Your assignment> Locate "Boîte à outils" in the data below, then output the line it is on and all following lines through the last, word for word. Skip any pictures.
** Opening Data below block **
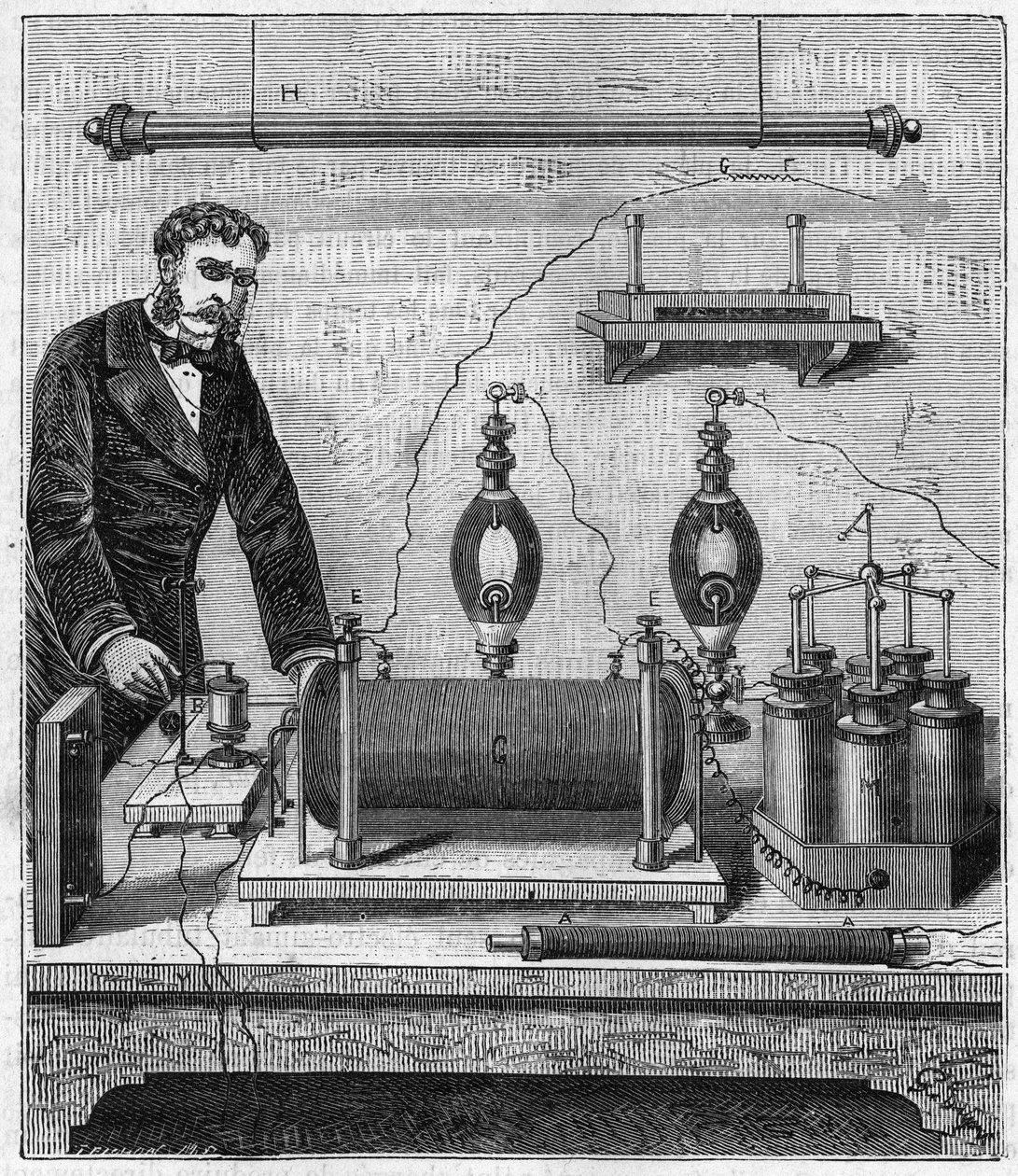 Ruhmkorff inductor - The induction coil by Ruhmkorff (Heinrich Daniel Ruhmkorff) - Engraving in Sciences made available to everyone - physics and chemistry by Alexis Clerc - End 19th century - Private collection by French School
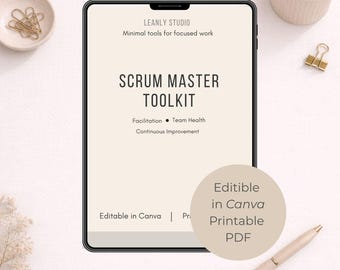 Boîte à outils Agile Scrum Master | Santé de l'équipe, agenda rétro (toile et PDF)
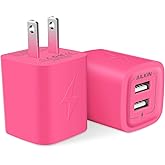 Wall Charger, AILKIN USB Plug Fast Charging Block, Power Adapter Cube 2 Port Charge Travel Brick Cell Quick Chargers Box for iPhone Samsung Galaxy USB Box Base Brick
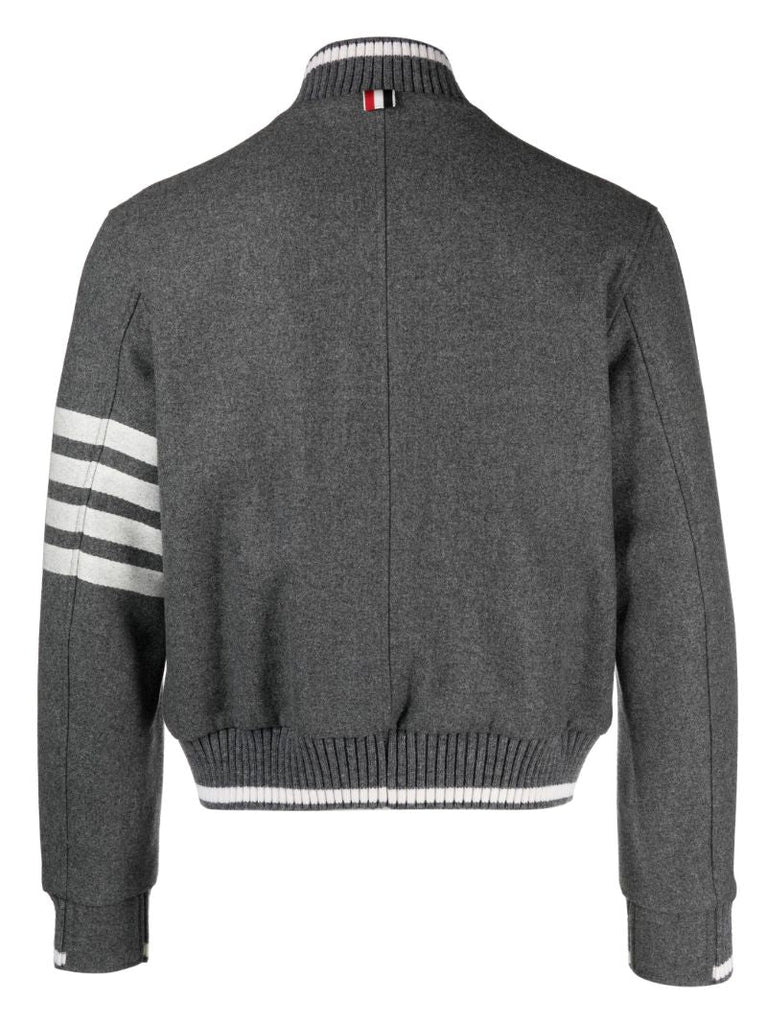 Grey 4-bar Stripe Bomber Jacket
** Closing Data below block **
Exercise result>
 Boîte à outils Agile Scrum Master | Santé de l'équipe, agenda rétro (toile et PDF)
 Wall Charger, AILKIN USB Plug Fast Charging Block, Power Adapter Cube 2 Port Charge Travel Brick Cell Quick Chargers Box for iPhone Samsung Galaxy USB Box Base Brick
 Grey 4-bar Stripe Bomber Jacket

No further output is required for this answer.